<<<<

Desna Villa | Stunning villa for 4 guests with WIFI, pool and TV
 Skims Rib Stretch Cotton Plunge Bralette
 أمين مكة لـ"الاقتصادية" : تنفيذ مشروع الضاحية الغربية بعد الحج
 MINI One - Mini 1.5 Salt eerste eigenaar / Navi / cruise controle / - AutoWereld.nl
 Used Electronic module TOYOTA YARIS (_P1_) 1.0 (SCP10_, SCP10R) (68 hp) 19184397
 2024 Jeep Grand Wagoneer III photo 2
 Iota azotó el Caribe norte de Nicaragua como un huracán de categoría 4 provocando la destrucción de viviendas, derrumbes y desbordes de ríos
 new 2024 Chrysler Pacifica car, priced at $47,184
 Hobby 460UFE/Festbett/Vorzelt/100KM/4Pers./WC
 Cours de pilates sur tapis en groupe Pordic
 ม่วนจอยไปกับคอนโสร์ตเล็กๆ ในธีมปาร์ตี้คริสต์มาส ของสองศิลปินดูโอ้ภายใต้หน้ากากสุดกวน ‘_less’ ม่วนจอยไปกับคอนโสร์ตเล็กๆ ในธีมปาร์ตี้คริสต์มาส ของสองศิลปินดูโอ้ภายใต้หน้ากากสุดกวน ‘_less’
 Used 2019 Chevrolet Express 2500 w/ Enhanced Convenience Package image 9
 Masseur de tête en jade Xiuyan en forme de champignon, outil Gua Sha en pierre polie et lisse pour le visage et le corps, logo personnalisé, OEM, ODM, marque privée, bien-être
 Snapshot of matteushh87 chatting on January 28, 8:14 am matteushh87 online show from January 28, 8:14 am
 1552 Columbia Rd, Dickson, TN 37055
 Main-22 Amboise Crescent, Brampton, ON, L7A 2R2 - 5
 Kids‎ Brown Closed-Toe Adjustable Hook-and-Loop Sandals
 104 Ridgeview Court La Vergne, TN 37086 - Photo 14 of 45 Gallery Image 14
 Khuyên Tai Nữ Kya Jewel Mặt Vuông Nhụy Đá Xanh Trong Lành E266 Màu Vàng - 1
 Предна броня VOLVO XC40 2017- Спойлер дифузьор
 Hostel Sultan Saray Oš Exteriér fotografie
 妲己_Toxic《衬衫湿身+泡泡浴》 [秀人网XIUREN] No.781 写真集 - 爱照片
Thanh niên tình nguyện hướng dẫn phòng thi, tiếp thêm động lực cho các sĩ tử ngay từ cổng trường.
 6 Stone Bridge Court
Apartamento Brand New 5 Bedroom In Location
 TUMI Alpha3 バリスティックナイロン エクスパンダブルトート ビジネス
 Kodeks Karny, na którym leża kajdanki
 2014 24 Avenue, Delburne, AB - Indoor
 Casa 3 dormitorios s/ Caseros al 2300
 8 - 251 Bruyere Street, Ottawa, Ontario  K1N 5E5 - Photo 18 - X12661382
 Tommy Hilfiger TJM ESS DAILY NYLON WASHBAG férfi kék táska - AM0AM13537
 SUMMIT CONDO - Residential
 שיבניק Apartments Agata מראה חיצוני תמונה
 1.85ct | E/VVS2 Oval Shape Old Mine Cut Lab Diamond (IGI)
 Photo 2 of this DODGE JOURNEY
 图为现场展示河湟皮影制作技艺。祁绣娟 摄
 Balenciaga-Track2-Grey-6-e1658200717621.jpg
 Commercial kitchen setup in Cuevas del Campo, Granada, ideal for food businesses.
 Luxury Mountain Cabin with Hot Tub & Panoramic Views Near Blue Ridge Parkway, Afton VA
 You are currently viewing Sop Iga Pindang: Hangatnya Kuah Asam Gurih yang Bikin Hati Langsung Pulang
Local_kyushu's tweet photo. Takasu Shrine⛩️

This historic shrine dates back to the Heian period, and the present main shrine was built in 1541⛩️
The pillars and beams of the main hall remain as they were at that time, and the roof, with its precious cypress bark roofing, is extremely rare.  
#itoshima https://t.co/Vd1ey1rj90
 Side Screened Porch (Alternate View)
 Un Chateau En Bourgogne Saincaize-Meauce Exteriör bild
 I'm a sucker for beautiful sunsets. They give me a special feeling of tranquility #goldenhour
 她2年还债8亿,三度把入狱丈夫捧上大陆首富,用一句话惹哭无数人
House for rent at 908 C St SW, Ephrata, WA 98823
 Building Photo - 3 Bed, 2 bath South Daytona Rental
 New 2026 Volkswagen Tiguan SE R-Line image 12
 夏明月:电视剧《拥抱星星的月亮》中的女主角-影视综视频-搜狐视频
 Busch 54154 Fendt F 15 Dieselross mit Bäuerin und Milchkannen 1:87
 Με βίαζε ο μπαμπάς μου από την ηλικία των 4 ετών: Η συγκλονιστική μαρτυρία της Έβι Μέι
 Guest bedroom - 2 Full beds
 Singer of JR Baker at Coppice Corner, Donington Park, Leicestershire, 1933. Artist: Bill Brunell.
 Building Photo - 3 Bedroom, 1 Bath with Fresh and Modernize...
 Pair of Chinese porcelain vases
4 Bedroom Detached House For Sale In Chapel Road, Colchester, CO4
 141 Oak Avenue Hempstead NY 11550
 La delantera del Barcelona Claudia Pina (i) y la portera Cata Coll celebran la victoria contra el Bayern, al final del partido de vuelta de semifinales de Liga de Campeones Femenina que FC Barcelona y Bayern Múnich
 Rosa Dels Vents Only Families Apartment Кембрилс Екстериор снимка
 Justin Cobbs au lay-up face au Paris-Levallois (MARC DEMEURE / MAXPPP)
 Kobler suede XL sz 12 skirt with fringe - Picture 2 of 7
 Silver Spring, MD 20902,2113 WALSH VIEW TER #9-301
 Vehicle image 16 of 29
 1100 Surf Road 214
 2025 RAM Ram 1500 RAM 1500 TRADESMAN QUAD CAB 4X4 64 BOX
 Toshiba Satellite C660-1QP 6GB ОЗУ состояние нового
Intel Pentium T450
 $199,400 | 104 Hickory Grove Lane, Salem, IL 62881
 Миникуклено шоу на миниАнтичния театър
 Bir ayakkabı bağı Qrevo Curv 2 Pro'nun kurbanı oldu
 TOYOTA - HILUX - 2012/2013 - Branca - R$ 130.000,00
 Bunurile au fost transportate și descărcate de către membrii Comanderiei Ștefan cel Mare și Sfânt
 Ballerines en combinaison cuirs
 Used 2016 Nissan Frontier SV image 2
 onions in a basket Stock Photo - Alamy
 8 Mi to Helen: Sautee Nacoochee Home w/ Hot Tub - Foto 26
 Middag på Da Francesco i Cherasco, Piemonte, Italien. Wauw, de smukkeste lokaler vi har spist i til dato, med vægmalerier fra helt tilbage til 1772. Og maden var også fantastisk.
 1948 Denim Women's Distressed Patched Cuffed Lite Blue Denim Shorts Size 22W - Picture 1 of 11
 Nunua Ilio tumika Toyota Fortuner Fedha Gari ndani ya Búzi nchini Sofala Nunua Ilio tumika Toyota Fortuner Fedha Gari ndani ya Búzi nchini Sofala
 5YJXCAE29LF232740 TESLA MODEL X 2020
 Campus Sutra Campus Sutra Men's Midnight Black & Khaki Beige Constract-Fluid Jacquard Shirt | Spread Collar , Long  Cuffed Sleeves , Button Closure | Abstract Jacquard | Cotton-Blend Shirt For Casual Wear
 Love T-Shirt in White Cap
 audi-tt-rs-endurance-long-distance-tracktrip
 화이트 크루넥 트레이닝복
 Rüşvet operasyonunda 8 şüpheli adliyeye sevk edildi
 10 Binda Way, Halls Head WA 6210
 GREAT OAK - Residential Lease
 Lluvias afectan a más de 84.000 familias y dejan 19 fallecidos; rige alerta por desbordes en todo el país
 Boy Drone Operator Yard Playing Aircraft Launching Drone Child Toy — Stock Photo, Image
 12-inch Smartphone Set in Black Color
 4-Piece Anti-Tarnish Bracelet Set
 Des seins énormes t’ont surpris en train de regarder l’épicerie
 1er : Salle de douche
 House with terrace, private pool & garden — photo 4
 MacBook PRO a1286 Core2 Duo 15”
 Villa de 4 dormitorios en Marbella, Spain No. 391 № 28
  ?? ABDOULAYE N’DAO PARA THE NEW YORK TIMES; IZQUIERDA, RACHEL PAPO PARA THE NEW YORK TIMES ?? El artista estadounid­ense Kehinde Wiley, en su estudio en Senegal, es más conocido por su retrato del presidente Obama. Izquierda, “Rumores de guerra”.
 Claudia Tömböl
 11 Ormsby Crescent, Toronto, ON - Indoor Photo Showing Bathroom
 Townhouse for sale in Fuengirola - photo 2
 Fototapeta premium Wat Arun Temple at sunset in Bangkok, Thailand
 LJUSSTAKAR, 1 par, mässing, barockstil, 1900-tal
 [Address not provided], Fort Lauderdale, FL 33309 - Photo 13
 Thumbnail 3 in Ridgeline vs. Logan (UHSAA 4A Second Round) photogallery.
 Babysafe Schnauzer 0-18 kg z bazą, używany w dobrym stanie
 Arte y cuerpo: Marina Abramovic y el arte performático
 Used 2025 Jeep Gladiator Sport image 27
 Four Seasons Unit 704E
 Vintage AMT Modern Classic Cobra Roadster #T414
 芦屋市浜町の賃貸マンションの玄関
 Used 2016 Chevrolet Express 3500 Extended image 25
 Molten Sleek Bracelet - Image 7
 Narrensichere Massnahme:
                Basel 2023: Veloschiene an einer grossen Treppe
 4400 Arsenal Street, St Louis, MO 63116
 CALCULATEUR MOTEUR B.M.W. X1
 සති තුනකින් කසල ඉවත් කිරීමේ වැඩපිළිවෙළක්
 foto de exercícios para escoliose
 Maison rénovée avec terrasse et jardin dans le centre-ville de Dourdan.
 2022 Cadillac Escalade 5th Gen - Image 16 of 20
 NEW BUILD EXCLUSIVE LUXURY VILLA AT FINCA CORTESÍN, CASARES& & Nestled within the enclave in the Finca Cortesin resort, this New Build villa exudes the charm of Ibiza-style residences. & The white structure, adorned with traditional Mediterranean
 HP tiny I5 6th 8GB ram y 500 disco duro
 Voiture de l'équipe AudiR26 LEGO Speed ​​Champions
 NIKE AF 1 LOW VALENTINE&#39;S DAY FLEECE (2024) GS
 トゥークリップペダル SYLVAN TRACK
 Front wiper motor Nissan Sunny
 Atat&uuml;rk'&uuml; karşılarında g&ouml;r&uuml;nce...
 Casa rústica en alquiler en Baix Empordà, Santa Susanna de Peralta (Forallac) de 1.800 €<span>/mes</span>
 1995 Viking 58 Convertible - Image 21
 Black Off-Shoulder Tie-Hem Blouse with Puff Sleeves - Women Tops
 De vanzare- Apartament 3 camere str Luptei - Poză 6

>>>>

> _Work item_
When the line with "You are currently" is reached in the data above, begin copying, and stop after the line with "她2年还债8亿,三度把入狱丈夫捧上大陆首富,用一句话惹哭无数人"; copy each line exactly, both ends included.

> _Exercise result_
 You are currently viewing Sop Iga Pindang: Hangatnya Kuah Asam Gurih yang Bikin Hati Langsung Pulang
Local_kyushu's tweet photo. Takasu Shrine⛩️

This historic shrine dates back to the Heian period, and the present main shrine was built in 1541⛩️
The pillars and beams of the main hall remain as they were at that time, and the roof, with its precious cypress bark roofing, is extremely rare.  
#itoshima https://t.co/Vd1ey1rj90
 Side Screened Porch (Alternate View)
 Un Chateau En Bourgogne Saincaize-Meauce Exteriör bild
 I'm a sucker for beautiful sunsets. They give me a special feeling of tranquility #goldenhour
 她2年还债8亿,三度把入狱丈夫捧上大陆首富,用一句话惹哭无数人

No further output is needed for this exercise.